Escasamente recordarán las nuevas generaciones, como si se tratara de tiempos remotos en un país ajeno, que hasta hace pocos años los debates presidenciales giraban en torno al conflicto armado y sus implicaciones como limitante del progreso nacional. La presencia de tropas extranjeras para solucionar el conflicto desde la vía militar, el despeje de cientos de kilómetros para la fijación de mesas de diálogo y el intercambio humanitario entre presos y secuestrados eran algunos de los puntos más polémicos de debate en un país que buscaba solucionar algunos de sus problemas más críticos.
Qué hacer con las Farc, parecen muchos no recordar, era el desgastado tema central de todos los debates presidenciales. La victoria militar como respuesta a los abusos de las guerrillas en los diálogos previos, la negociación en países vecinos o en el interior del territorio nacional, e incluso el pago de millonarias sumas a cambio de que éstas renunciaran al macabro negocio del secuestro eran algunas de las propuestas más controvertidas de los candidatos.

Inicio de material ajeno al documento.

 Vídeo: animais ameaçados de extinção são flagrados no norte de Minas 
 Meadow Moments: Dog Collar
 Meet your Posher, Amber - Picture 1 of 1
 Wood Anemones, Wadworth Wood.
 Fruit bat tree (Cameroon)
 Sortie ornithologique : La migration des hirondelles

Y el grueso de la ciudadanía, en gran medida, decidía su carta a la Presidencia con base en el qué hacer con el conflicto armado y las guerrillas.

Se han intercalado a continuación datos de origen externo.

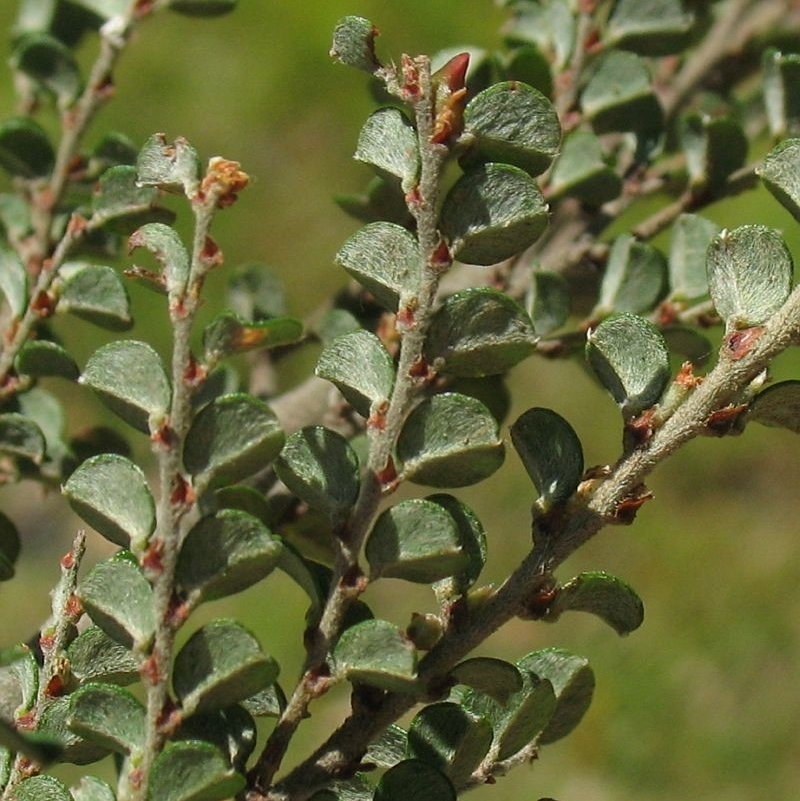 Bossiaea sericea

Ante la principal preocupación de los colombianos de todos los rincones, que percibían derechos tan básicos como la libertad, la integridad y la vida en permanente riesgo, otros asuntos de crucial importancia eran relevados a un segundo plano. Es el caso de la seguridad social, el desempleo y el acceso a la educación pública. Y otros tantos, como la lucha contra la corrupción y la desigualdad, escasamente recibían menciones en el marco de los debates presidenciales. La explicación, dicha desde la obviedad, hoy parece lejana e increíble: hubo tiempos en que los derechos ciudadanos más básicos no parecían tener garantías, y entonces otros derechos fundamentales perdían importancia entre las prioridades del debate.
Luego del turbulento y controvertido proceso de paz con la guerrilla de las Farc, el actor armado ilegal con mayor presencia en el territorio nacional a lo largo de los últimos cincuenta años, el panorama cambió radicalmente. El acuerdo buscaba reducir de manera inmediata los indicadores de violencia en el marco del conflicto entre el Estado y las Farc, y de manera gradual transformar las condiciones que dieron lugar al enfrentamiento desde un primer lugar.

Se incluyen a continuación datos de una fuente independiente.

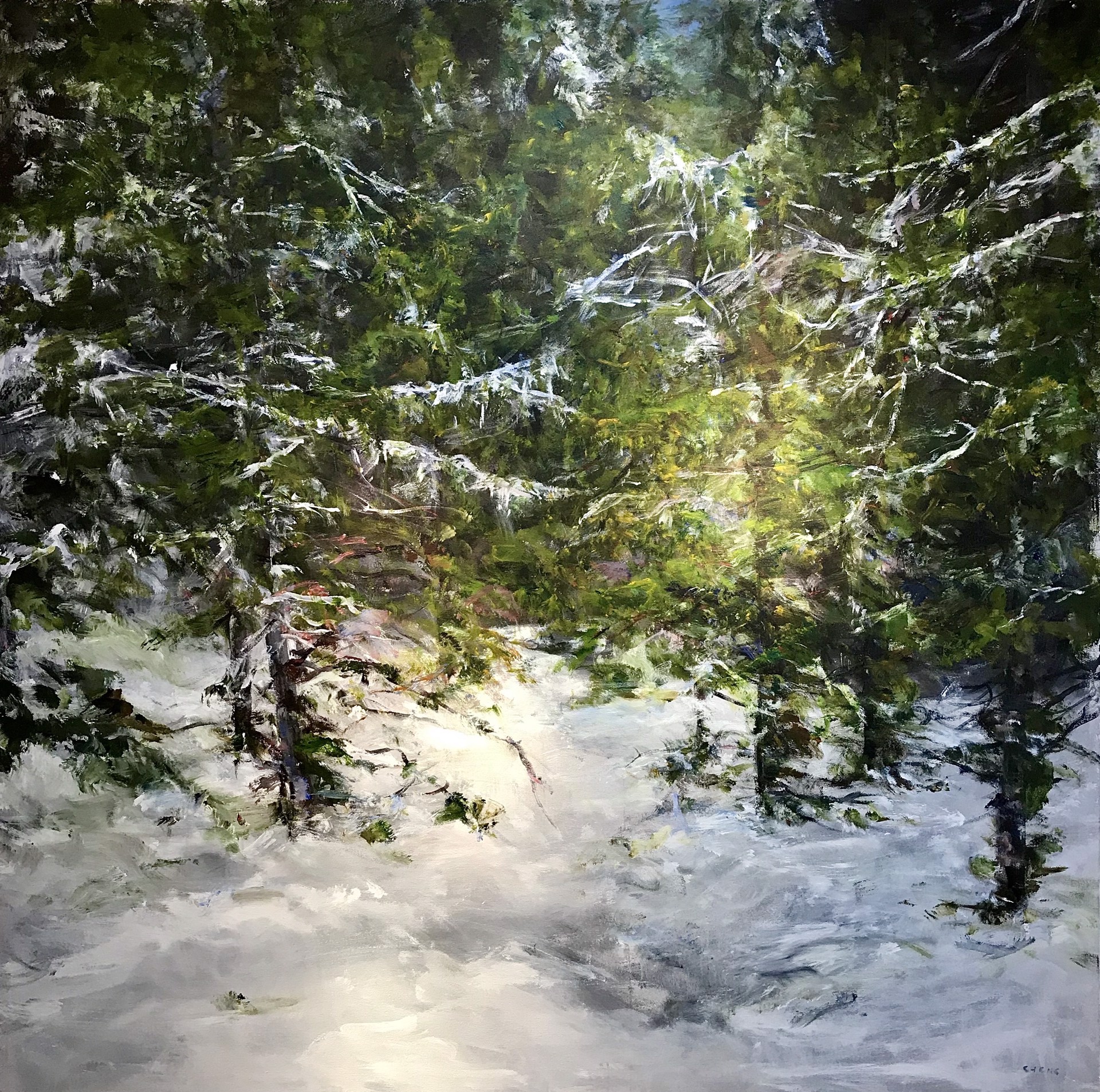 Winter scene  by Judy Cheng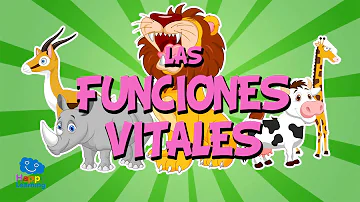 ¿Cuáles son las tres funciones de los animales?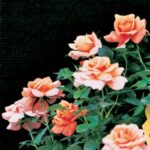 Fragrans Meillandina®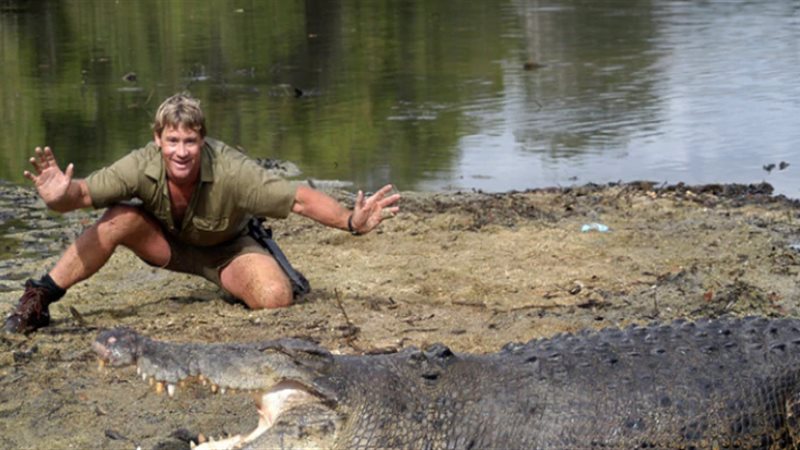  steve irwin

Por supuesto, no todas las formas de violencia y de criminalidad llegaron a su fin en Colombia. Pero en ningún momento el proceso de paz con las Farc fue ofrecido como la solución definitiva para todos los problemas del país. Cumplió, a pesar de las demoras e imprevistos, con su objetivo de desmontar un ejército irregular con presencia en la mayoría del territorio nacional que sumaba más de diez mil personas en el total de sus redes. De la solución pronta y oportuna ante nuevos retos como las disidencias guerrilleras, un fenómeno observado en la inmensa mayoría de procesos de paz en el mundo, y de la gestión del posconflicto, dependerá el éxito en un mediano y largo plazo del acuerdo de paz.
Lo cierto es que los debates de la actual carrera a la Presidencia dibujan un país con prioridades distintas, como resultado de transformaciones recientes. Y aunque cerca de la mitad de los votantes en el plebiscito por la paz manifestaron su rechazo ante los diálogos de paz con las Farc, hoy el grueso de las nuevas discusiones evidencia que terminaron los tiempos en que el qué hacer con esa guerrilla determinaba la decisión mayoritaria en las elecciones presidenciales.
Y en cambio se abren y se profundizan debates en torno a problemas que todas las naciones en paz enfrentan, tan diversos como la lucha contra la desigualdad de género, la sostenibilidad del sistema de pensiones y la construcción de mejores esquemas de seguridad ciudadana, por solo citar algunos.